No parecía aconsejable tratar de hacerlo con el conspicuo uniforme rojo de los soldados británicos, por lo que se puso ropas civiles. Pero desde ese momento se convirtió en un espía, en términos de derecho militar. Con el uniforme podía ser un prisionero de guerra, si lo capturaban; pero sin él, podía ser ahorcado.

Ocurrió que en su viaje al sur fue detenido e investigado por soldados americanos. En su bota fueron encontrados papeles concernientes a West Point que fueron enviados inmediatamente a Arnold, quien parecía la autoridad apropiada. Arnold sabía que su traición pronto sería descubierta y escapó inmediatamente a las líneas británicas, dejando a André como cabeza de turco.

Evidentemente, el verdadero reo era Arnold y, cuando André fue condenado a muerte por un tribunal militar, Washington ofreció entregarlo a los británicos a cambio de Arnold. Clinton podía haberse sentido tentado a aceptar, pero había dado su palabra a Arnold y su honor exigía que se negase, de modo que André fue ahorcado el 2 de octubre de 1780.

Benedict Arnold no fue colgado, pero habría sido mejor para él que lo fuese. Cualquiera que fuese el motivo de su resentimiento, su traición era inexcusable. En primer lugar, había sido apoyado y apreciado por Washington al menos, y su respuesta había sido usar la simpatía de Washington como medio para montar la traición. Además, no lo hizo por convicción. Se puede perdonar a un hombre por cambiar de lado si realmente ha llegado a creer que la justicia y el honor están del nuevo bando adoptado. Pero éste no era el caso de Arnold. No abrigaba ninguna convicción sobre la justicia de la causa británica; no pensaba que había combatido por la parte equivocada. Sencillamente se había vendido por dinero.

No es de extrañarse, pues, de que, pese a todos los servicios que prestó a la causa americana, haya pasado a la historia como un redomado villano, cuyo nombre, para oídos americanos, ha sido desde entonces sinónimo de «traidor».

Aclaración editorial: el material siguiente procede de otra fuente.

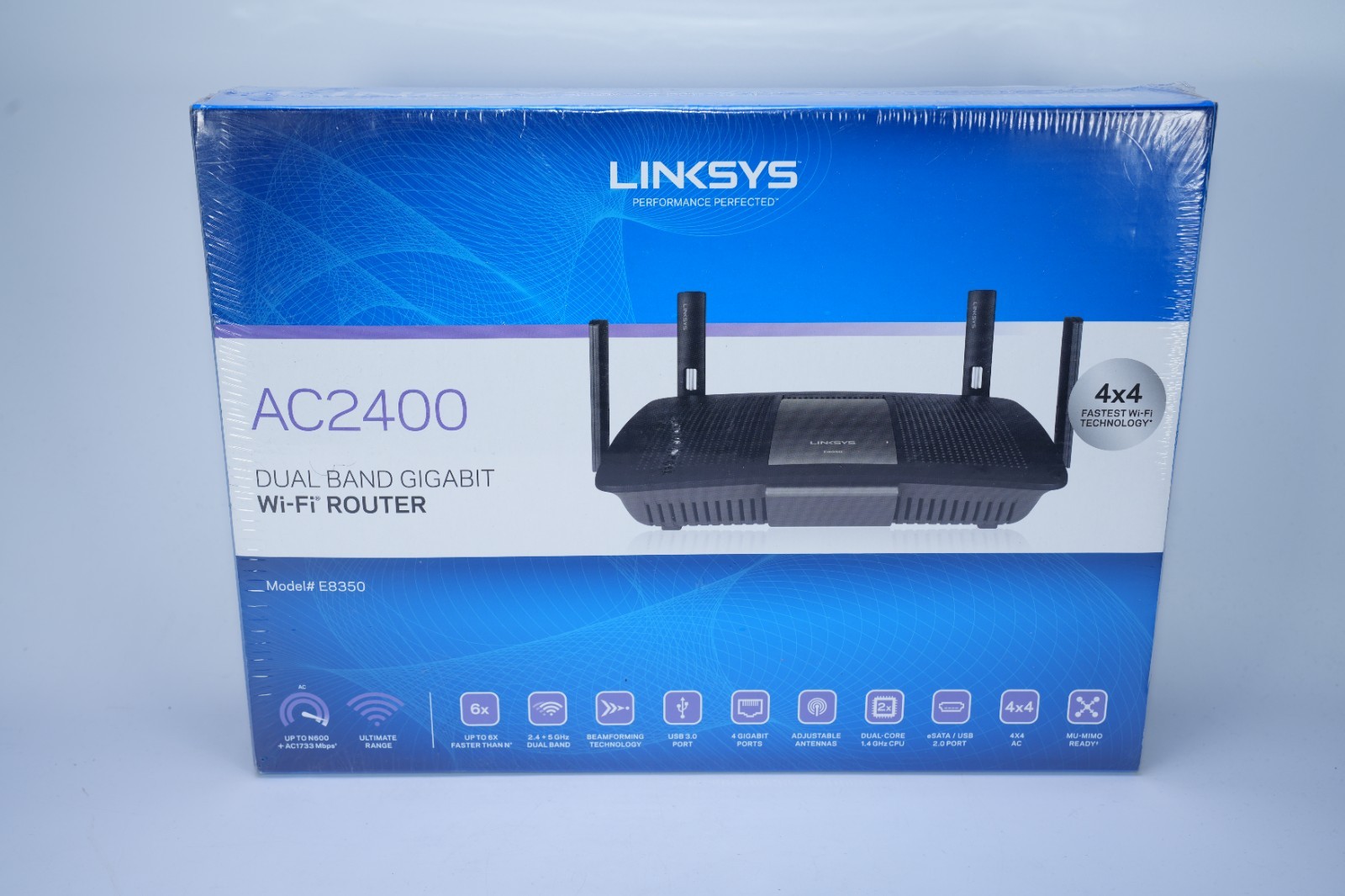 Linksys 4 Port AC2400 Dual Band Gigabit Wi-Fi Router Model E8350 SEALED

Tampoco le fue bien con los británicos. Los oficiales británicos podían, por necesidad militar, estar dispuestos a tratar con un traidor que se vendía por dinero, pero no tenían por qué tener trato social con él después. Además, era considerado moralmente un cobarde por haber permitido que André muriese por él. Aunque Arnold combatió del lado británico por el resto de la guerra y recibió más de 6.000 libras, tierras en Canadá y el rango de general de brigada, su carrera declinó constantemente. Abandonó América un año después de su traición y nunca retornó, viviendo amargado y taciturno los últimos veinte años de su vida, con el sentimiento de haber fracasado en todo.

Sin embargo, lo que fue Arnold antes de su traición no se olvidó enteramente. Un siglo después de la batalla de Saratoga, se erigió un monumento en el lugar. Se construyeron cuatro hornacinas y en tres de ellas se colocaron estatuas de Gates, Schuyler y Morgan. La cuarta quedó vacía, pues hubiera contenido una estatua de Arnold, si éste no hubiese caído en la traición.

Y en otra parte del campo de batalla, en el lugar donde Arnold cayó herido, hay un monumento con la escultura de una bota: un recuerdo de la pierna herida por la causa americana. El monumento habla de «el soldado más brillante del Ejército Continental», pero no menciona su nombre.